You're viewing a single thread.

146 comments
  • Fedora is pretty good there, but I wouldnt use the DNF variants.

    The atomic variants though totally rock. Atomic Desktops, IoT, etc.

    The atomic model deals with all the troubles you would have with so new packages.

    OpenSUSE slowroll would be a better middle-ground, but I have had strange broken packages and they dont have a useful atomic model, as it is not image-based.

    • The downside with the Atomic variants is that ostree is much slower and takes additional storage and bandwidth. It isn't half bad if you are willing to reboot but it does add an additional layer of complexity.

      • I really need to try NixOS, it may be good?

        • It is very complicated for little value add. I would much rather use Ansible or bash scripting.

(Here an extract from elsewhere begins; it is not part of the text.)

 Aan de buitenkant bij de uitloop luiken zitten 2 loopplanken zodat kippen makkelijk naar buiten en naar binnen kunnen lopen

          Ansible is useful in particular as it is much more repeatable and you can use Ansible pull to pull from a git repo

          • The thing is package management, resettability, rebasing/redeploying with a config file, and avoiding config file creep.

            I broke 10 distros before, and of course I also learned, but I simply didnt break Fedora Atomic Desktops in 2 years or so.

            But I layer about 20 packages, which is not a really nice process on Atomic, while it works for sure.

            • I use Fedora silver blue and it is mostly solid. However, it isn't something I would jump into without an interest in immutable Linux or embedded systems.

              • I think Silverblue is the perfect distro for random computers you never manage.

                Actually uBlue silverblue as they fix the like 5 issues there are, like an intelligent and actually automatic updater, flathub, drivers etc.